■ Input for this task
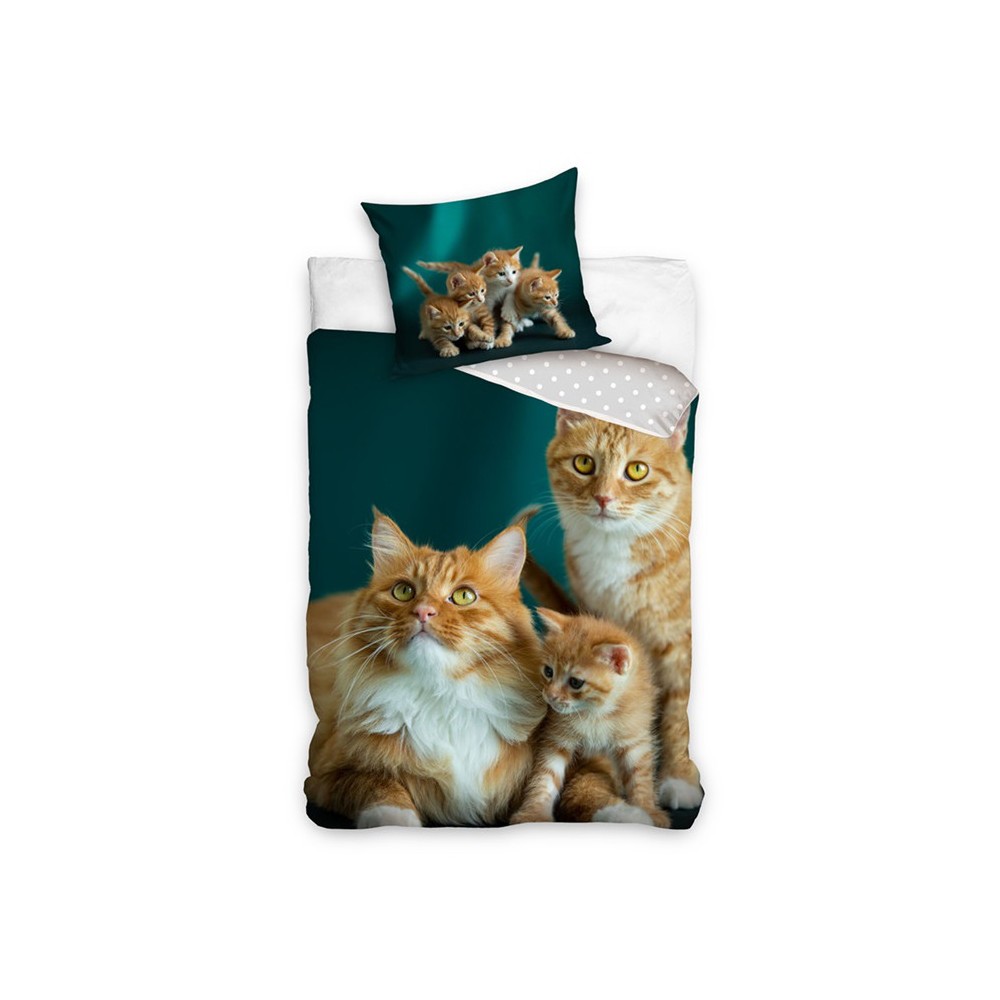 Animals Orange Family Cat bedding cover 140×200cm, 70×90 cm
* * *
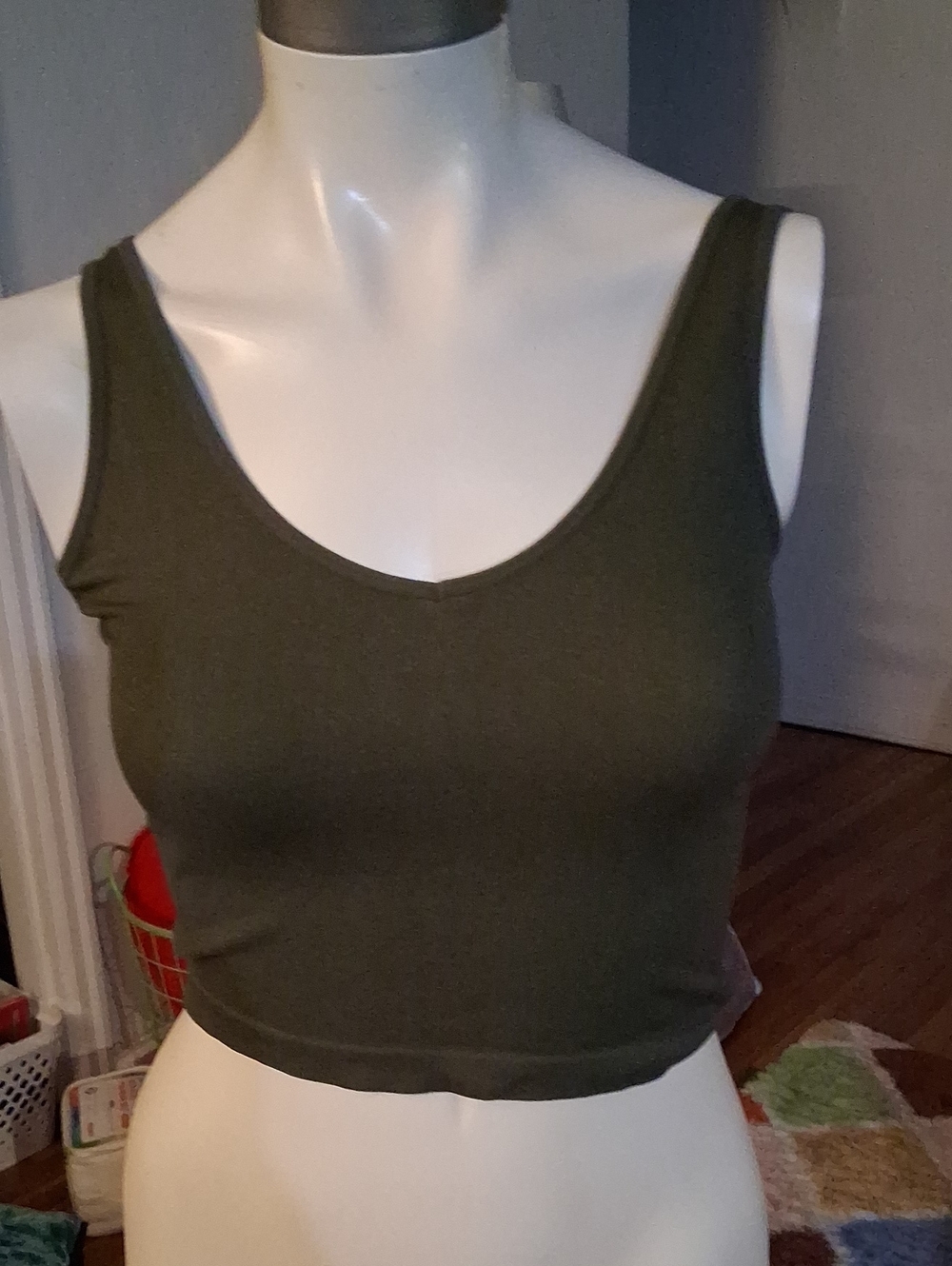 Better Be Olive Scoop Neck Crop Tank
--
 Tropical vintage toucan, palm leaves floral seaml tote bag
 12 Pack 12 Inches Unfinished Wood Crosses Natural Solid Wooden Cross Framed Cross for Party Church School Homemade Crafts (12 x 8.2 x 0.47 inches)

■ To do
Reproduce word for word the material above, beginning with the line that contains "Tropical vintage toucan, palm" and ending with the line that contains "12 Pack 12 Inches".

■ Written solution
 Tropical vintage toucan, palm leaves floral seaml tote bag
 12 Pack 12 Inches Unfinished Wood Crosses Natural Solid Wooden Cross Framed Cross for Party Church School Homemade Crafts (12 x 8.2 x 0.47 inches)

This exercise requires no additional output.